Supplied data:
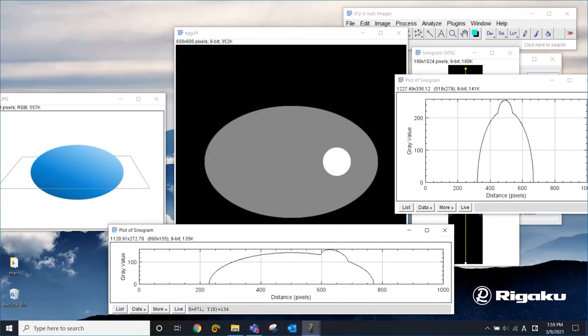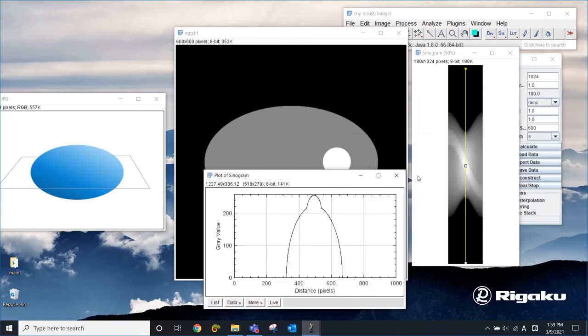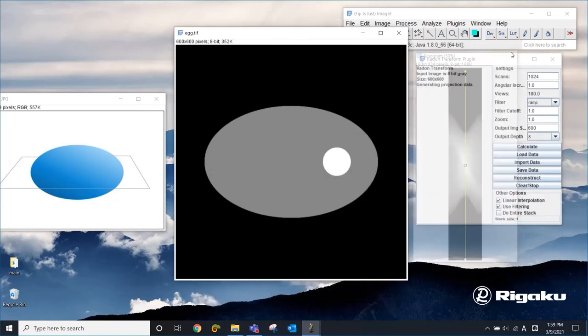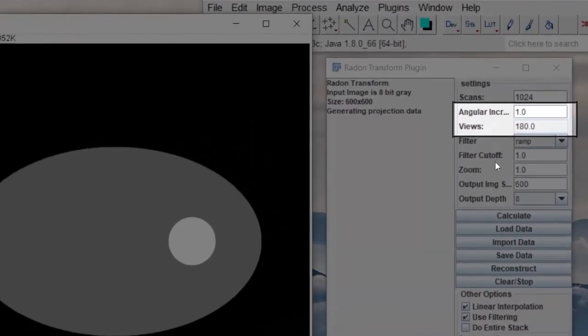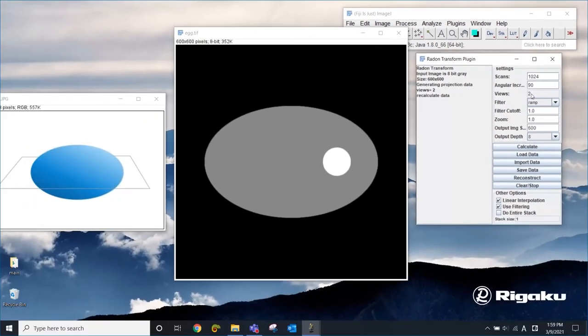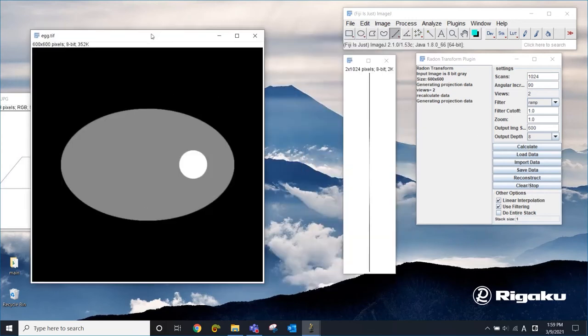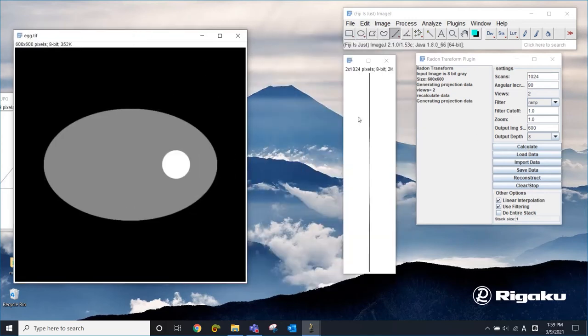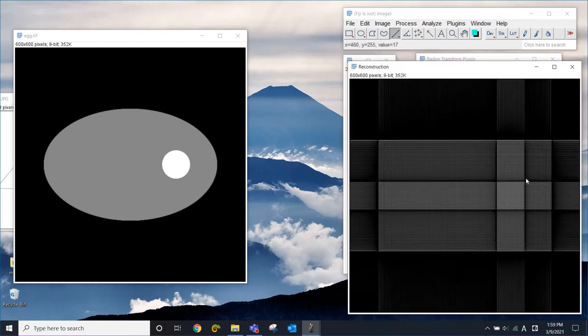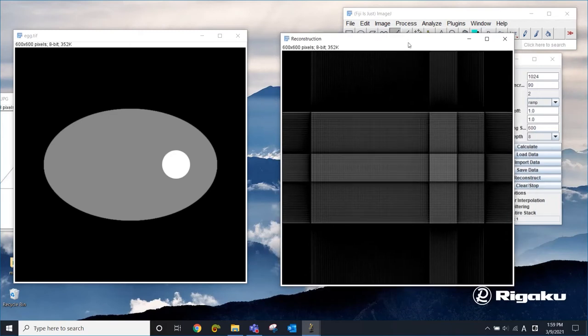Now let's see what happens if we just use those two projections to reconstruct the image. To do that, I have to simulate 90 degree increment that gives us only two projections. So I'm going to calculate two projections. This is our CT scan. Let me put this over here. I'm going to use only those two projections to reconstruct the cross section. And this is what we get.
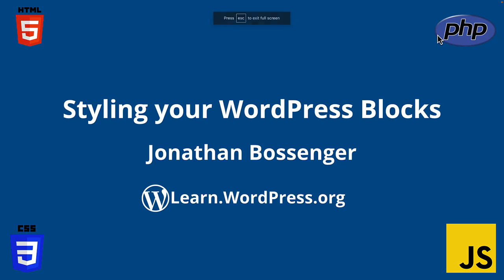Hi there, and welcome to Learn WordPress. In this tutorial, you will learn how to add styles to your custom WordPress blocks.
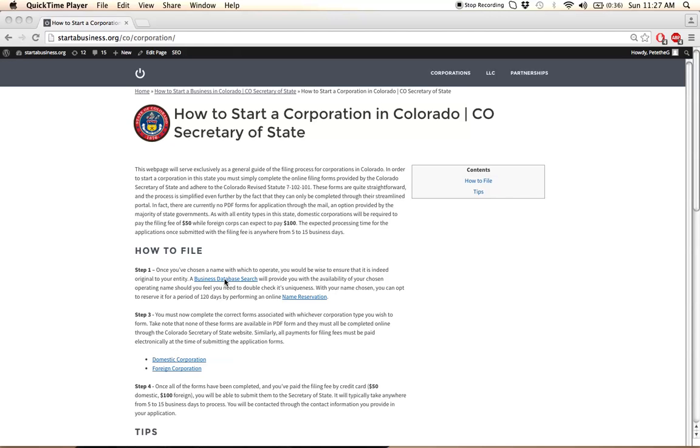This is really important because if you file with the Secretary of State using a business name that's unavailable, then your application will be rejected. So click on this link here to find out how to do that.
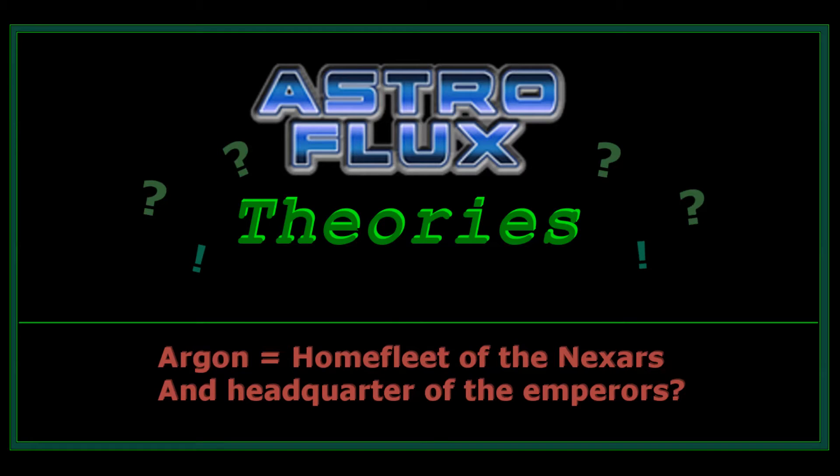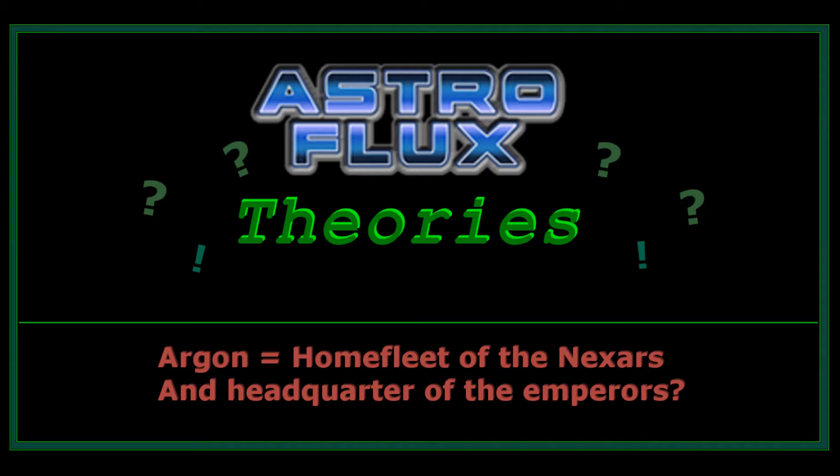Hey guys and welcome to the first episode of Astroflux Theories. I'm NightSky and in Astroflux Theories I want to talk about upcoming changes and guess what could happen and speculate about anything that might or might not be there. And yes, in this episode it's about Argon, the home fleet of the Nexars or is it the headquarters of the Emperors?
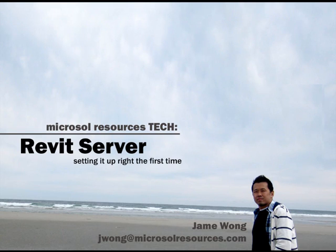Hello everybody, this is Jame Wong from Microsoft Resources tech team. Today we'll be presenting Revit Server, which was released late September this year. We've been testing this extensively in our sandbox and lab environment. Hopefully we can help you get up and running after this video so you won't have to pull out any more of your hairs. Alright, let's get started.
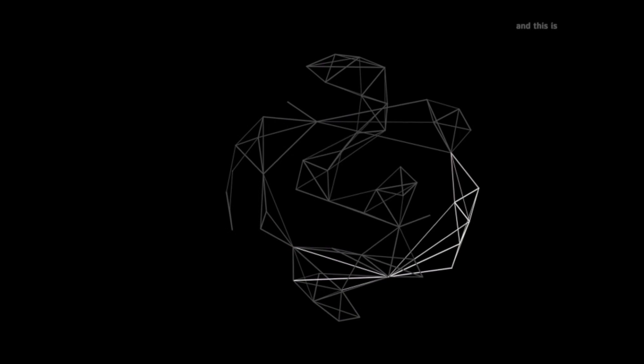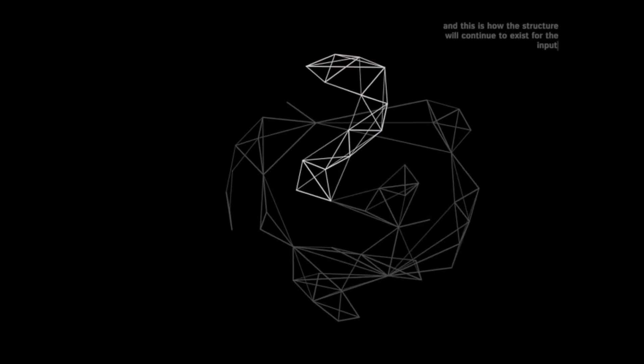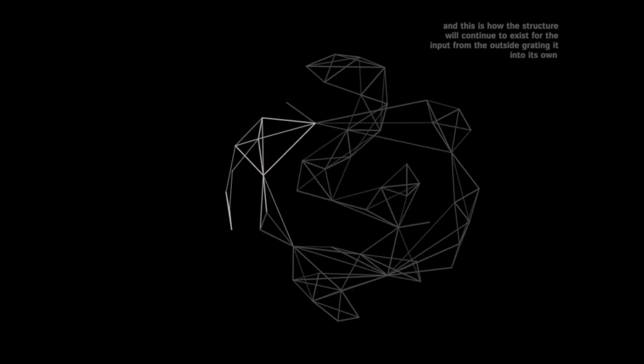And this is how the structure will continue to exist, waiting for the input from the outside, integrating it into its own self.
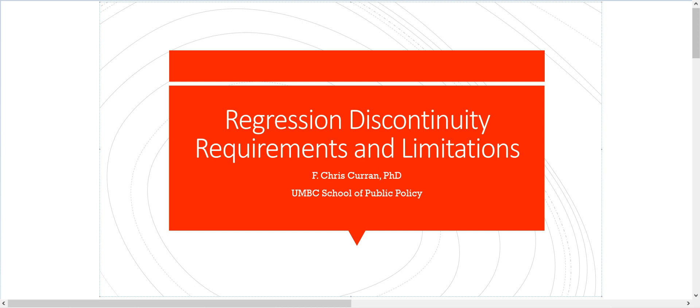Hello, and welcome to the second video discussing regression discontinuity research designs. My name is Chris Curran. I'm an assistant professor of public policy at the UMBC School of Public Policy.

What to do: Omitting the images, transcribe every record exactly.

Response to the exercise:
Now let's see what happens if we just use those two projections to reconstruct the image. To do that, I have to simulate 90 degree increment that gives us only two projections. So I'm going to calculate two projections. This is our CT scan. Let me put this over here. I'm going to use only those two projections to reconstruct the cross section. And this is what we get.
Hi there, and welcome to Learn WordPress. In this tutorial, you will learn how to add styles to your custom WordPress blocks.
This is really important because if you file with the Secretary of State using a business name that's unavailable, then your application will be rejected. So click on this link here to find out how to do that.
Hey guys and welcome to the first episode of Astroflux Theories. I'm NightSky and in Astroflux Theories I want to talk about upcoming changes and guess what could happen and speculate about anything that might or might not be there. And yes, in this episode it's about Argon, the home fleet of the Nexars or is it the headquarters of the Emperors?
Hello everybody, this is Jame Wong from Microsoft Resources tech team. Today we'll be presenting Revit Server, which was released late September this year. We've been testing this extensively in our sandbox and lab environment. Hopefully we can help you get up and running after this video so you won't have to pull out any more of your hairs. Alright, let's get started.
And this is how the structure will continue to exist, waiting for the input from the outside, integrating it into its own self.
Hello, and welcome to the second video discussing regression discontinuity research designs. My name is Chris Curran. I'm an assistant professor of public policy at the UMBC School of Public Policy.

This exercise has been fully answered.